DiEM25’s Coordinating Collective’s view on Hungary

After 12 years of Viktor Orbán’s autocracy and the tremendous damage he has done to Hungary, its minorities and immigrants, the European Union is threatening to expel the country from the alliance. We can agree that certain parameters need to be met in order to keep countries from sliding into fascism. But talking about expelling a country from the EU at this very moment is just a cherry on top of the EU’s hypocrisy pie.

Orbán has been trying to build this far-right alliance for a long time, which would have the potential to be extremely dangerous. On the other hand, let’s make no mistake – there have always been two kinds of authoritarianism: the far-right’s and the neoliberal Establishment’s. The former is being bravely led by Orban, Marine Le Pen, Recep Tayyip Erdoğan and others, while the latter is led by Emmanuel Macron, Ursula von der Leyen and many key figures of so-called “European democracy”.

Why does the European Council want to punish one while whole-heartedly cheering on the other? These two sides of the same coin are so deeply intertwined as to be completely dependent on each other.

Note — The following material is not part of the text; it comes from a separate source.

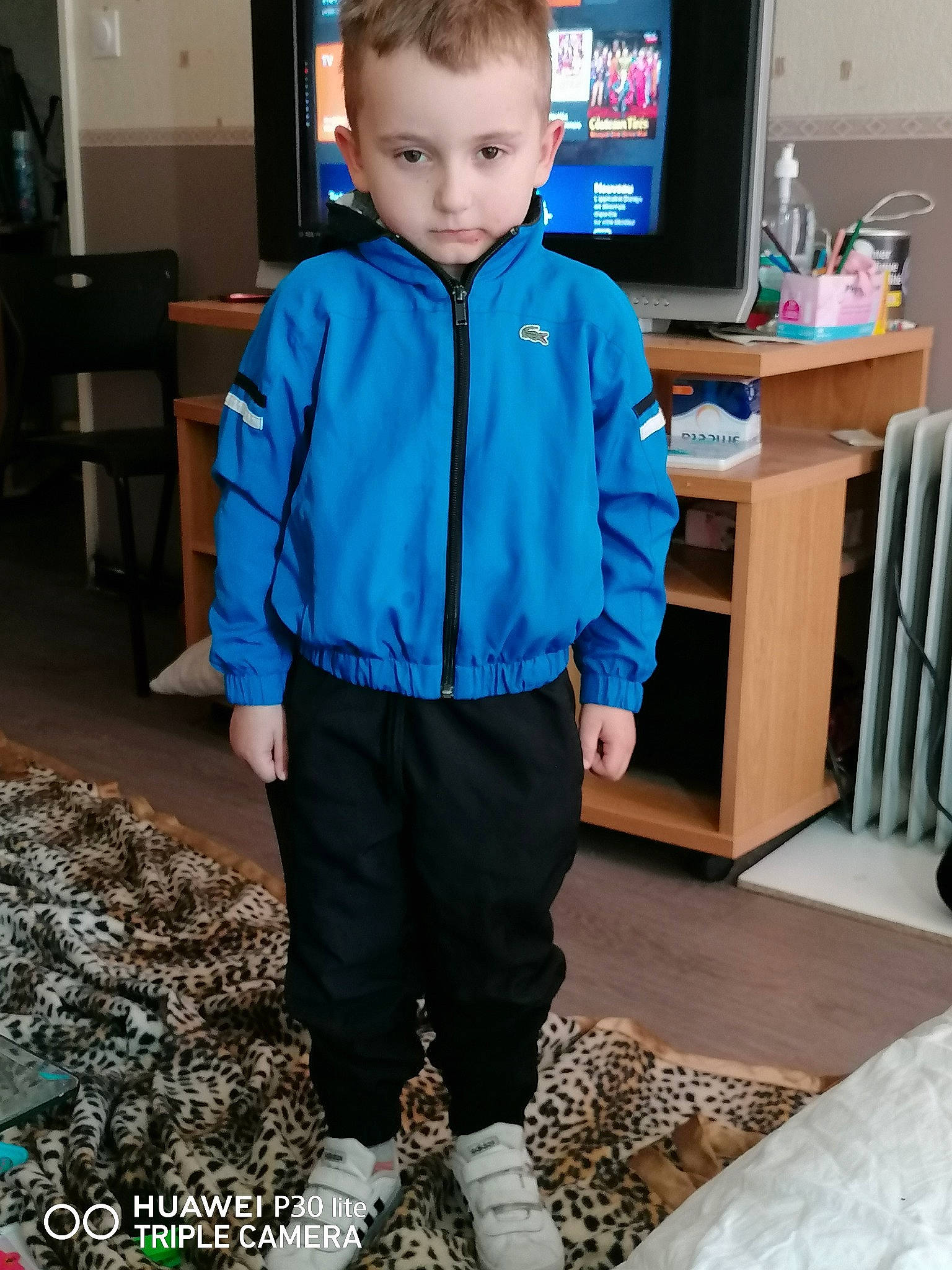 Jessy participe au concours pour gagner de l'argent avec cette photo : black, blue, chair, electric_blue, flooring, formal_wear, fun, joint, knee, person, personal_protective_equipment, room, shelf, shoe, sleeve, sportswear, standing, sweatpant, t_shirt, television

Fascists need neoliberals to feed them disillusioned voters looking elsewhere to satisfy their needs and rage at the system, while neoliberals need to scare people into voting them in order for fascists not to be elected. 

Human rights violations are indeed widespread in some of the member states. And Poland and Hungary probably do deserve to suffer some form of consequence for their government’s actions. But then what of the Catalan referendum, when Spanish police brutally abused and prevented citizens from fulfilling voting duty? This was done under direct orders of the Spanish government. Isn’t that deserving of condemnation? 

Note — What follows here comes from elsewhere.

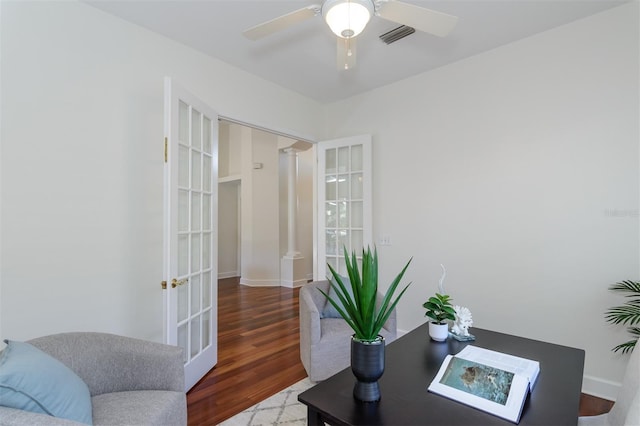 office space with a ceiling fan, visible vents, wood finished floors, and french doors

Expulsion regulations would be deeply problematic if they are to be controlled by current EU structures. What we mentioned above is merely a snapshot of the elitism that exists in Europe, where some nations are “more equal than others” inside of the Union. But let us also take Ukraine, Montenegro, Serbia and others as examples: to join the EU they need to fulfill a tremendous amount of criteria that aren’t met by the vast majority of current EU countries in the first place. And even meeting all of them doesn’t guarantee admission. For those reasons, we cannot be convinced that this is not yet just another case of systemic nationalism inside of Europe. 

The European Council needs to be run by the people and for the people. Not by oligarchs and for them. This way, we would ensure that true democracy is in place and that regulations of possible ejection are fair. That’s only possible in a Europe that works towards cooperation, not competition. One that would be based on mutual aid, rather than exploitation of periphery countries by their larger neighbors. An EU where we would collectively care about the wellbeing of the citizens of countries that were threatened with expulsion.

People are not directly responsible for their government’s actions, and it’s up to them to democratically remove autocrats, guaranteeing their countries’ long-term membership in the EU. In the Union which we envision, it would be worth staying.